I’ve got mail!
Phillipe Richards wins the prize (of little or no monetary value to be determined) for being the VERY FIRST person to mail a comment to me. I would treasure his letter for that reason, alone, but it gets better
. In response to my humble mea culpa in connection with the Supremacy Clause, he says I was too quick to concede, and for taking that position, his prize will be increased many fold.
He points out a very interesting Supreme Court opinion authored by one of our most famous jurists, Oliver Wendell Holmes. The case involved a statute passed in 1918 by the Congress. It seems that in 1916, the US and Britain (then the sovereign of Canada) signed the Migratory Bird Treaty concerning, surprise, migratory birds which traversed parts of Canada and the US. The two countries agreed pursuant to the treaty that there would be specified closed seasons on hunting certain species of birds and to promulgate laws to carry out the treaty.

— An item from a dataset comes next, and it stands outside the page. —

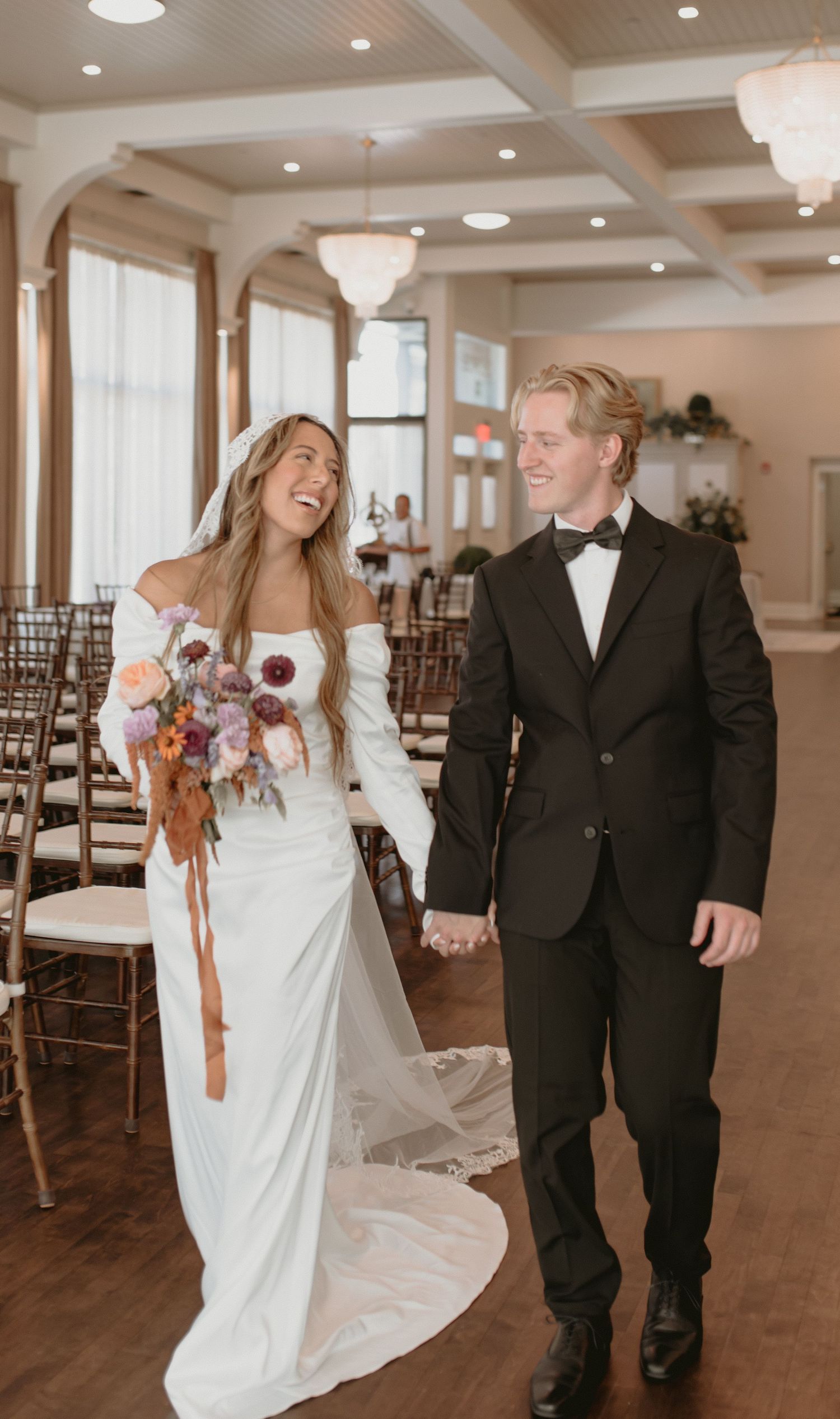 A couple laughing together in a spacious wedding venue with hardwood floors and elegant decor.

When the US did so by enacting the aptly titled Migratory Bird Treaty Act of July 3, 1918, Missouri sued to have the statute declared unconstitutional.
It turns out that it had previously been established that “ownership” of wild animals resided with the states, and that Congress could not regulate hunting migratory birds because (a) that was not one of the enumerated powers granted to the federal government and (b) the power was reserved to the several States by the Tenth Amendment. Thus, Missouri argued, what the US could not accomplish directly, it cannot get done via the back door of a treaty. Holmes first implied that he did not agree with the prior decisions, but said that, regardless of whether those decisions were correct, they were not wholly dispositive of the issue before the Court. He wrote:
“Acts of Congress are the supreme law of the land only when made in pursuance of the Constitution, while treaties are declared to be so when made under the authority of the United States. It is open to question whether the authority of the United States means more than the formal acts prescribed to make the convention."
In other words, "under the authority of the United States" may mean something closer to "under the aegis of the US" than "pursuant to authority granted by the people to the US in the Constitution". Holmes continues:
"We do not mean to imply that there are no qualifications to the treaty-making power; but they must be ascertained in a different way. It is obvious that there may be matters of the sharpest exigency for the national well being that an act of Congress could not deal with but that a treaty followed by such an act could, and it is not lightly to be assumed that, in matters requiring national action, ‘a power which must belong to and somewhere reside in every civilized government’ is not to be found.”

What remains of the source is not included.